Elsewhere in the charts
Number 8 (Re-Entry): ‘Rhythm Is A Mystery’ — K-Klass
The mystery would only last until March 1992, after which Snap would break the embargo and confirm that rhythm is, in fact, a dancer.
Number 26 (New Entry): ‘Fall At Your Feet’ — Crowded House
Look, it’s ridiculous to have absolutist opinions about music. Everything is subjective, nobody experiences anything in the same way.
But if you don’t feel a tiny shiver of emotion when you hear ‘Fall At Your Feet’, you’re dead inside. It’s a lovely song.
Number 29 (New Entry): ‘Love’s Sweet Exile’ — Manic Street Preachers
There are two phases in the life of a 90s Manic Street Preachers fan.
First, there is the bit where you try to guess the lyrics simply by listening to the song. With James’s diction, it sounds a bit like:
“Wablama inchanin escape colour tin
Gassif I’m in jeans yamma amma stool”
Then, there is the moment where you read the sleeve of the record and commit the words to memory. And, thanks to the curse of knowledge, it sounds like James is singing clear as day. He’s saying:
"We blur into images of state coercion
Classified machines die misunderstood”
Which doesn’t make much more sense. But it’s very rewarding, like when you finally see the dolphin in the Magic Eye poster.
Number 35 (New Entry): ‘The Unforgiven’ — Metallica
Okay, if this song makes you feel emotions then you’re probably 14.
I say this with all love and respect, and because I remember how much emotion this song made me feel when I was 14. I identified so much with the protagonist of the lyrics. He was a lonely man walking a lonely road, fighting for what was right on the fringes of an unforgiving society.
Yes, yes, thought teenage me, you have described the situation so well, James Hetfield. This is exactly what going to school is like. I am The Unforgiven.
Number 36 (New Entry): ‘Clipped’ — Curve
Curve were superb and got tons of critical acclaim at the time (mainly from male journalists who were shameless in their salvation over Toni Halliday.) But maybe they suffered from being slightly ahead of their time? The angular guitars and industrial production sound a little post-grunge.
Whatever – the point is that they never sold as well as they should. Post-curve bands like Garbage and Sneaker Pimps shifted absolute lorryloads of records.
Album of the Week
Greatest Hits II — Queen
Here in our alternative 90s timeline, it is the first week of November 1991. Freddie Mercury is still alive, still heterosexual, and still HIV negative.
But the rumours are getting intense. Everyone knows that something’s up.
Queen’s first greatest hits covered the period up to 1981, when the band recorded the Flash Gordon soundtrack. Greatest Hits II doesn’t have the same quality of tracks, but probably tells a more interesting story of a band that fell and rose and fell again and rose again.

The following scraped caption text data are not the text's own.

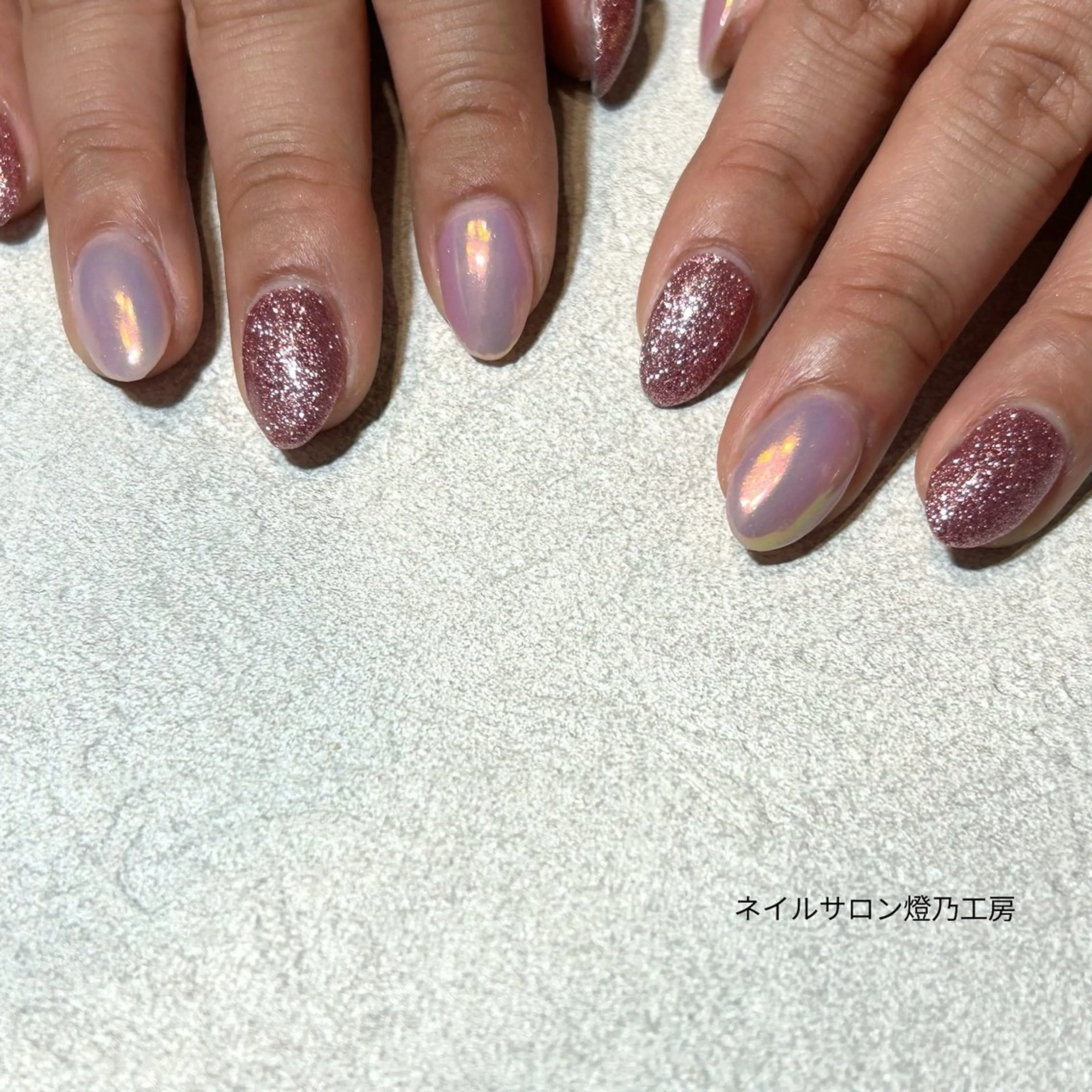 ネイル 廣田 香寿実のネイルデザイン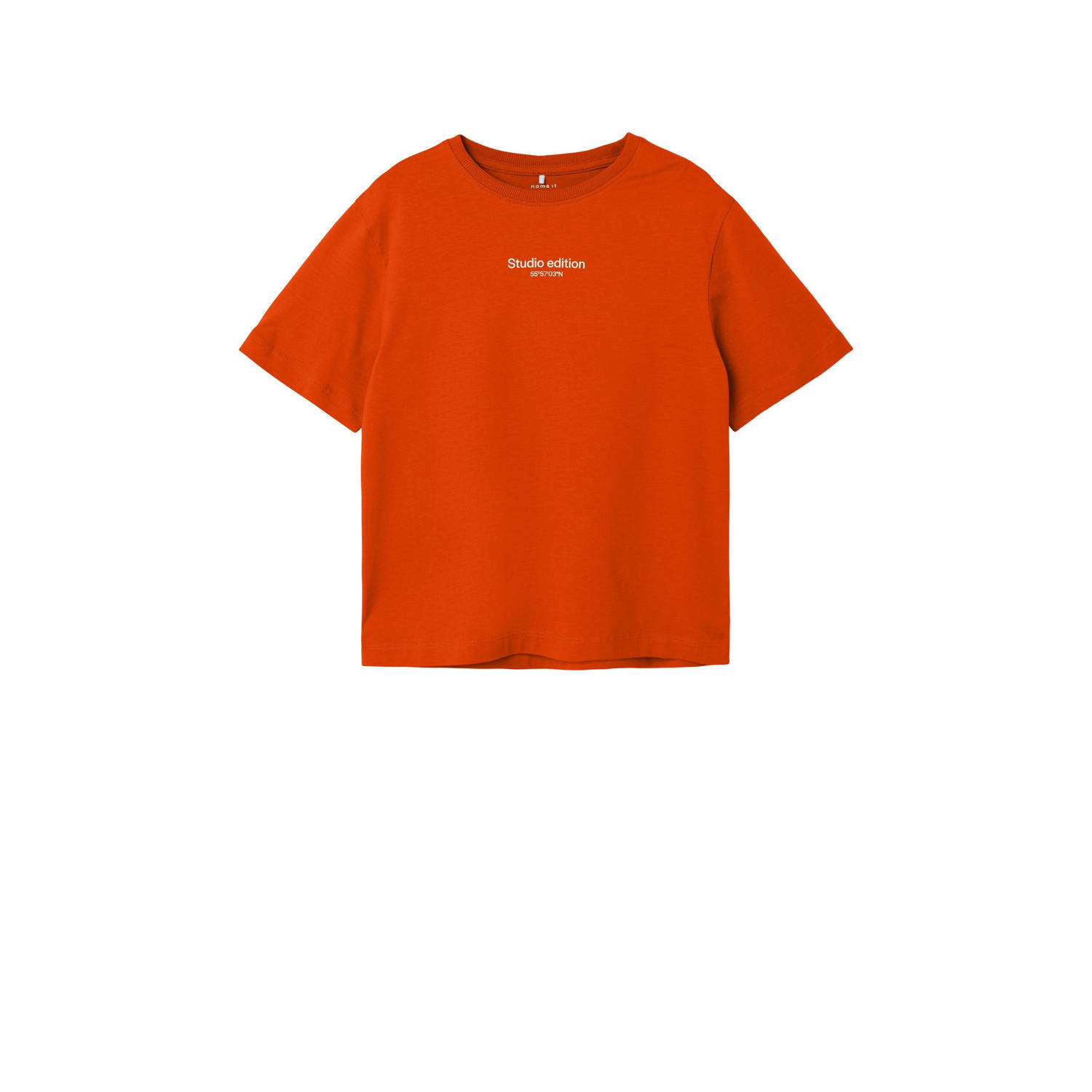 NAME IT KIDS T-shirt rood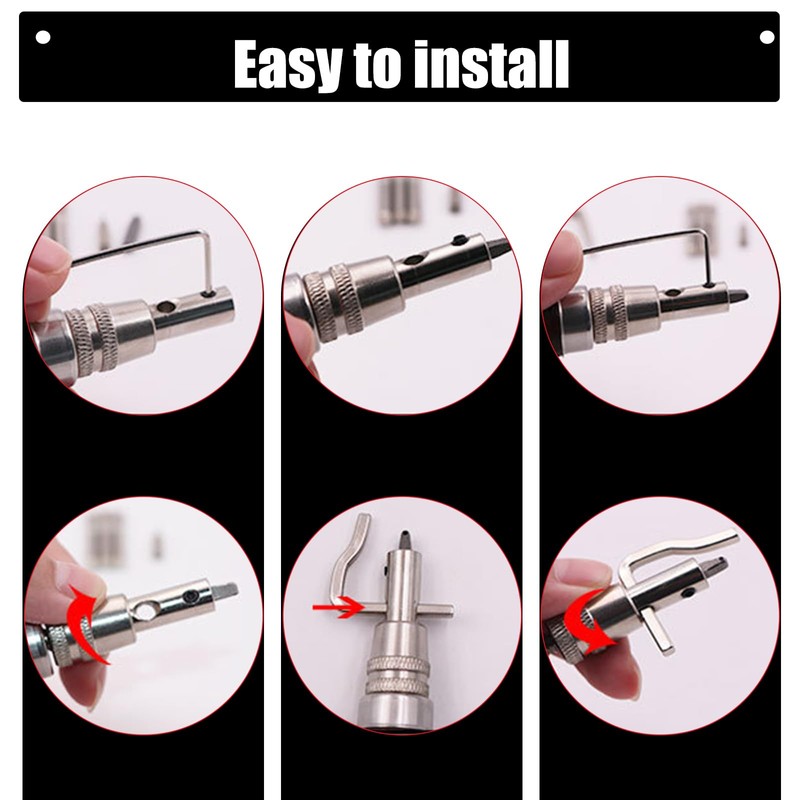 7 in 1 Professional Adjustable Stitching Groover and Creasing Edge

Like, there’s almost nothing from their ill-fated disco album Hot Space, apart from the game-changing Bowie collab, ‘Under Pressure’. Instead, the album opens with some of the Live Aid-era hits that turned their fortunes around, like ‘I Want to Break Free’ and ‘Radio Gaga’.
You’ve also got mid-80s tracks from their era as the world’s biggest stadium band, playing to over 250,000 people in South America and 120,000 at Knebworth. These are big songs designed to make the mountains echo. A lot of cocaine was involved.
There’s also some confusion and lack of direction in the later tracks. By 1989, it wasn’t entirely clear who Queen were or who they were singing for. And then, finally, 1991 brought some clarity. Innuendo and the singles from it were a swan song.
But right now, on November 3rd, 1991, Freddie Mercury is fine.
'Dizzy': Vic Reeves and the 90s Comedy Boom [November 3, 1991]
In my mind Dizzy was released in the late 90's early 00's. It's this old? Wow.
I keep forgetting about Crowded House. They are great. So many good songs.
Always disappointed when a Metallica album is released without a re-hash of Unforgiven on it. Fingers crossed for Unforgiven IV on the next one.